A arca, construída de madeira e vedada com betume, tinha dimensões colossais. Estimando medidas correspondentes às atuais, dimensionava cerca de 135 metros de comprimento, 22,5 metros de largura e 13,5 metros de altura. Possuía três andares e um teto com uma abertura para ventilação. Noé e sua família, juntamente com os animais, permaneceram na arca durante o dilúvio, que durou quarenta dias e quarenta noites.
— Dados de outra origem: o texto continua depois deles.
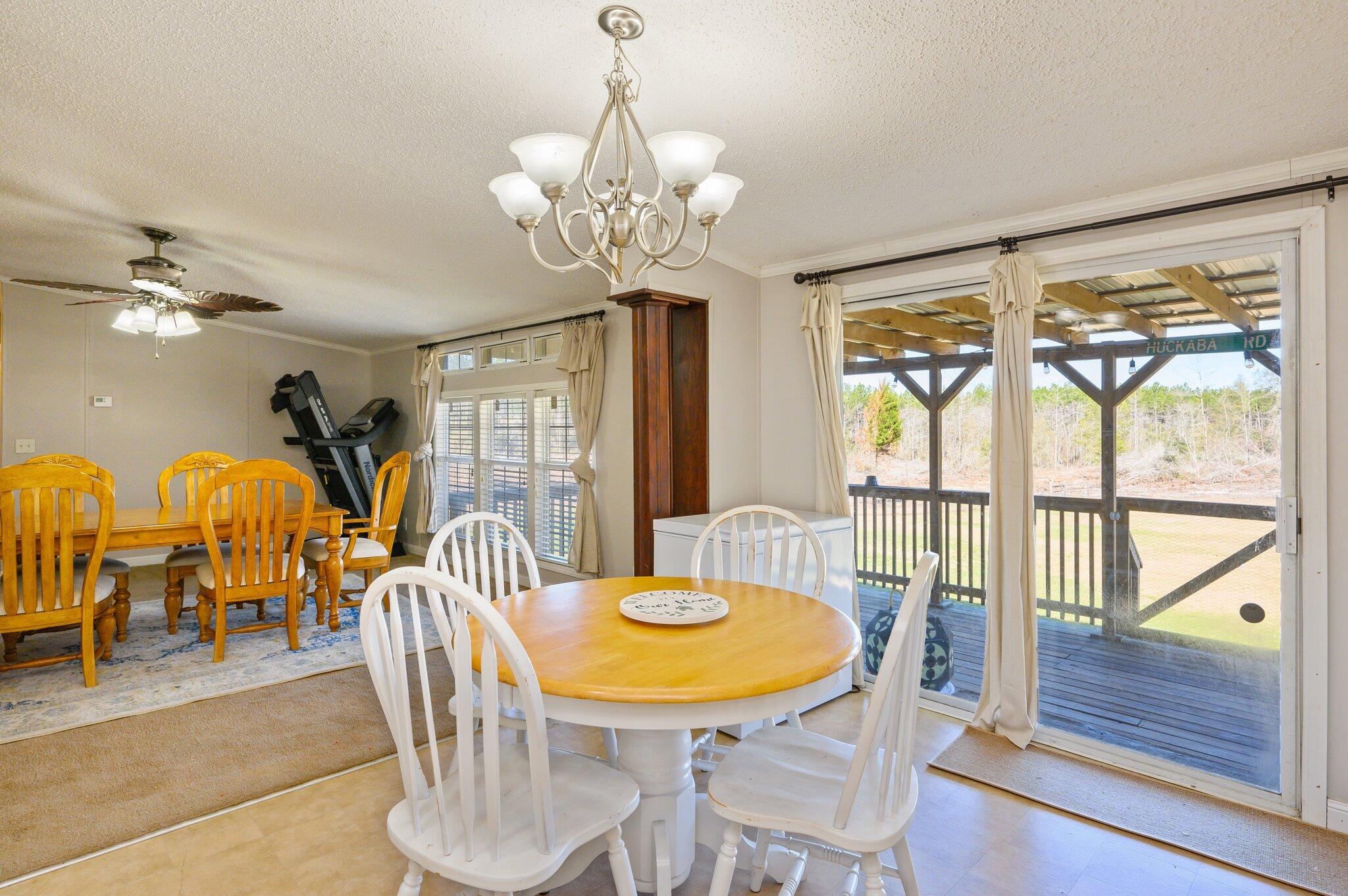 1078 Wallace Road DeFuniak Springs, FL 32433 - Photo 7 of 46 a view of a dining room with furniture window and outside view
Após o dilúvio, a arca pousou no Ararate. Noé e sua família saíram da arca e receberam a bênção de Deus, que lhes ordenou multiplicarem-se e encherem a terra. Deus estabeleceu uma aliança com Noé, prometendo nunca mais destruir a terra com um dilúvio, e o arco-íris se tornou o símbolo dessa aliança.

Arcanjo

Arcanjo, termo derivado do grego ἀρχάγγελος “archangelos”, designa um anjo com altos poderes. Embora a palavra apareça apenas duas vezes na Bíblia (1 Tessalonicenses 4:16; Judas 1:9), a crença em anjos superiores é presente na tradição judaica e cristã.

Tradicionalmente, dois anjos são identificados como Miguel (Judas 1:9; Apocalipse 12:7) e Gabriel (Lucas 1:19,26). Miguel, o único explicitamente chamado de arcanjo nas Escrituras canônicas, é descrito como um guerreiro celestial, que luta contra as forças do mal, enquanto Gabriel é o mensageiro divino, encarregado de anunciar eventos importantes, como o nascimento de João Batista e de Jesus.

A origem do conceito de arcanjo pode ser encontrada em textos judaicos anteriores ao Novo Testamento, como o livro de 1 Enoque, que descreve uma hierarquia angelical complexa. Essa crença foi incorporada à tradição cristã, influenciando a teologia e a iconografia sobre os anjos.

Árvore do Conhecimento do Bem e do Mal

A Árvore do Conhecimento do Bem e do Mal, presente no Jardim do Éden, ocupa um lugar central na narrativa da queda da humanidade em Gênesis 2-3. Deus proibiu Adão e Eva de comerem seu fruto, alertando que a desobediência traria a morte (Gênesis 2:17).

A serpente, porém, enganou Eva, afirmando que o fruto concederia conhecimento e sabedoria divinos (Gênesis 3:4-5). Eva cedeu à tentação e comeu do fruto, dando também a Adão. Esse ato de desobediência trouxe consequências catastróficas para a humanidade: a perda da inocência, a consciência do bem e do mal, a vergonha, o sofrimento e a morte entraram no mundo.